The labels will be perfect for gifting! Thank you for offering them!
Chris Scheuer says
I'm so glad, Melissa! We will send the labels 🙂
Anne Hannon says
So many GF friends to make these for! Please send the labels 🙂
Thanks
Anne
Chris Scheuer says
Sure, Anne!
Carol Abnett says
Hi Chris,
I would love the labels, I must say I love your recipes, never had a fail and love that you include metric measurements.
Thanks Carol.
Chris Scheuer says
I'm so glad, Carol! We will send the labels your way.
Maru says
Great recipe, delicious cookies. I followed the recipe exactly but both times the cookies didn't spread much. They still came out delicious and I didn't even use the powdered sugar sprinkled on the second batch as they tasted so good by themselves. I used 5 tbl of whisked egg whites; should I try another tablespoon or two and see if that helps them spread? Regardless of whether they spread or not, I'm still going to make this very often! Thanks for the great recipe!
Chris Scheuer says
Hi Maru, almond flour can vary in texture and moisture content so that may be the issue. I would probably start with an extra tablespoon of egg white and go from there. I'm glad you enjoyed the cookies!
MaryAnn says
These tasted great, though I overdid the dustinhlg of the confectioner sugar after baking a bit. Mine didn't spread that much, and I added 5 tbl plus a bit more of egg whites. Can you please describe what the texture of the dough should be, i.e. stiff or not so stiff but sticky, etc. Thanks!
Chris Scheuer says
Hi MaryAnn, the texture of this dough is thick and smooth. It's definitely scoopable.
Debra J Holmes says
Hi Chris-
I’m making coquille st jacques and wanted a lighter dessert. Could I make these with and sandwich them with your amazing lemon curd? Any salad or other dessert suggestions?

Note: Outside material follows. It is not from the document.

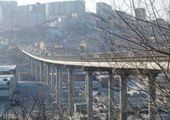 Пушкарёв кардинально решить проблему Рудневского моста не может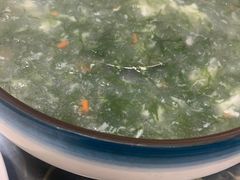 -梅子大排档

Thanks so much for your help.
Debra
Seaside, Oregon
Chris Scheuer says
Hi Debra, I think that would work if you were serving them fairly soon so they wouldn't get soggy. It sounds like a delicious combination! I think this salad would work well for your dinner- https://thecafesucrefarine.com/orange-fennel-watercress-salad/
Also, here is a French Almond Cake, similar to the cookies - https://thecafesucrefarine.com/french-almond-cake/ which would also work with the lemon curd. Enjoy!
Marlene Hidalgo Xirinachs says
Dear Chris thanks for your delicious, smart recipes. These cookies are simply superb!! I would love the pdf with the labels.